Back in Tengchow after their fearful months in exile, the Luces became even more preoccupied with young Harry and began educating him in the home (like most other missionary families) at the age of three. By the time he was five he was already writing simple letters (almost certainly with his mother’s help) to his frequently absent father (“I will be glad when you get home…. I think the new testament better than the old”) and copying out prayers in his notebooks. The unsurprising ubiquity of religion in the home and the community shaped the child’s early life. Just as young American children in other places might imitate baseball players or cowboys, Harry mimicked the clergy, who were almost the only adult males he knew. Listening to sermons was one of the most eagerly anticipated activities in mission communities; and at the age of four Harry began delivering his own impromptu sermons occasionally while standing on a barrel in front of his house, no doubt borrowing from those he had heard in church.
24

Young Harry was soon joined by two sisters, Emmavail, born in 1900 (just weeks before the family fled to Korea), and Elisabeth, born in
1904. Five years later the last of the Luce children, Sheldon, was born. Harry, however, remained the center of the family’s world. He was the eldest child and (until he was eleven and away at school) the only boy. His father was often away, and during his absences, young Harry was the only male in a family of women, and the consistent focus of their attention.
25

To a notable degree, family life in the missionary compound resembled that of middle-class Victorian America or England.
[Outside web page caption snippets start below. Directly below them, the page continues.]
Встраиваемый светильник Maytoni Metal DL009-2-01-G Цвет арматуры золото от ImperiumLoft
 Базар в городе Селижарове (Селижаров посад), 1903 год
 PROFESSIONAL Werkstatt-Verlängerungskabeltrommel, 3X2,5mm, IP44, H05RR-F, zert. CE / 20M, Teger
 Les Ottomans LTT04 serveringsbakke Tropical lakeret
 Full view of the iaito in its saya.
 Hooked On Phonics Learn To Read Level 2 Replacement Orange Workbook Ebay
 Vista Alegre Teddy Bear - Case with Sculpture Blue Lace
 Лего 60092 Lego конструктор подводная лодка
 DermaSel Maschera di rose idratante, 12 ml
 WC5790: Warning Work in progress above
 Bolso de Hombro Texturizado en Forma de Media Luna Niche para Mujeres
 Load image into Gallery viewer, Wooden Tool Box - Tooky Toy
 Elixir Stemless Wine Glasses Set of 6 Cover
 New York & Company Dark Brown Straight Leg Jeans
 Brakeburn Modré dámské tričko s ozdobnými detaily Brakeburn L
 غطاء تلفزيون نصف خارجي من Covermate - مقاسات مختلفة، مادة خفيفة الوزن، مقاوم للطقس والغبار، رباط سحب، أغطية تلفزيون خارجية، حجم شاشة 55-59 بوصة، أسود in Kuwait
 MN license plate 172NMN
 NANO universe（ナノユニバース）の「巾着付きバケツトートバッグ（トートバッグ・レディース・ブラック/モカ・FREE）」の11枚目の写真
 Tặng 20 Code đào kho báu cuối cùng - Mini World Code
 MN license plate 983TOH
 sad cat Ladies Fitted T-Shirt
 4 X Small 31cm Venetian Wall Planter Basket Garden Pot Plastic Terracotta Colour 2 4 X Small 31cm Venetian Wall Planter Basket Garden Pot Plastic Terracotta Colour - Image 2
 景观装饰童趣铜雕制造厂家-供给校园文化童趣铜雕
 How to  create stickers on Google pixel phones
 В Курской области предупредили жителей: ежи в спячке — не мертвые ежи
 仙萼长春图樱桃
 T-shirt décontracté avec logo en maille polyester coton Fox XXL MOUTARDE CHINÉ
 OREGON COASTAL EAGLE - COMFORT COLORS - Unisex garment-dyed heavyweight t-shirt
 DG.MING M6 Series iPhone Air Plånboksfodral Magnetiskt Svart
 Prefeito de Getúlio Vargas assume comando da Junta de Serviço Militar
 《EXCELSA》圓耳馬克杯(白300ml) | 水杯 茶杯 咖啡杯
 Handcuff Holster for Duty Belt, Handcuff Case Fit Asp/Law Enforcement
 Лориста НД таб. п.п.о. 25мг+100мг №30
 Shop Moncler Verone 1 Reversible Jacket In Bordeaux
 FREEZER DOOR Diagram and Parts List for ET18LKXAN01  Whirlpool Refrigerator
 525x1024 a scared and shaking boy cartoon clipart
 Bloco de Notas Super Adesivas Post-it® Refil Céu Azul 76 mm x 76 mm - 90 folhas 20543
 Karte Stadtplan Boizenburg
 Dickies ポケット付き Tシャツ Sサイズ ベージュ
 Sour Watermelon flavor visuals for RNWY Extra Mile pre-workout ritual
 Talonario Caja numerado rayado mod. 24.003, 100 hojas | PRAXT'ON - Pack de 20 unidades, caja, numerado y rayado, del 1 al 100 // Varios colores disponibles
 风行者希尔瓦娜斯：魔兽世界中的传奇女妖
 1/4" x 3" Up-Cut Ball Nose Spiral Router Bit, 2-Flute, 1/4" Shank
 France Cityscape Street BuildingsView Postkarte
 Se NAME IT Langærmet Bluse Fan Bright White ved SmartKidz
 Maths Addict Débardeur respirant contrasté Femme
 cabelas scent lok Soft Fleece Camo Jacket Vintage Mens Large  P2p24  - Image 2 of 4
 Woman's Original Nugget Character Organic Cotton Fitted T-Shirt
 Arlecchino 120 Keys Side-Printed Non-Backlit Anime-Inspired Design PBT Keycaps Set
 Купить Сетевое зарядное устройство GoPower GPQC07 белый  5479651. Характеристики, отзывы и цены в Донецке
When the family moved in 1904 to Wei Hsien, where the college built a more substantial but still relatively modest walled compound, the Luces lived in makeshift quarters—as they had in Tengchow—until they were finally able to move into a new, comfortable two-story house (financed for them by a patron in the United States) with broad, sloping roofs and wide verandas. They filled it with Western furniture, decorative items, and household goods—including the white damask tablecoths and napkins they invariably used for their meals and for the lavish afternoon teas Elisabeth liked to prepare. Their income was small but vastly greater than that of all but a few Chinese, so they were able to afford a substantial staff of servants—at times as many as six—who relieved both the children and their mother of household chores. Instead they spent their time in lessons. Elisabeth was their first teacher, and she continued to involve herself closely with the children’s education until they went away to school. After a time, however, the Luces hired a severe German governess, a reflection of the turn-of-the-century conviction that German scholarship was the best in the world. Young Harry, who thought governesses were inappropriate for boys, rebelled, and so his mother took over much of his instruction again. When not engaged in lessons, the children prayed and studied the Bible with their parents, or gathered to hear their mother read to them from her growing library of English poetry and fiction.
26

Despite the exotic surroundings it was an extraordinarily insular life. Outside the compound were the fetid villages and devastated landscapes of a desperately poor region. Harry’s sister Elisabeth later recalled being able to look out her second-story window, over the walls (on the tops of which broken glass had been carefully scattered to discourage intruders), at a barren landscape stretching as far as she could see. Virtually all the trees had been cut down for firewood or building supplies. Only in the cemeteries—sacred places where trees could not be touched—was it possible to see any greenery. Inside the compound were the neatly
tended homes and gardens of a middle-class Anglo-American community. There were even rows of trees, many of them planted and lovingly tended by the senior Harry Luce. The Luce children found friends among the sons and daughters of the other missionaries. There were about a dozen boys roughly the same age as Harry, with whom he often played tennis (on the college’s one clay court) and other games.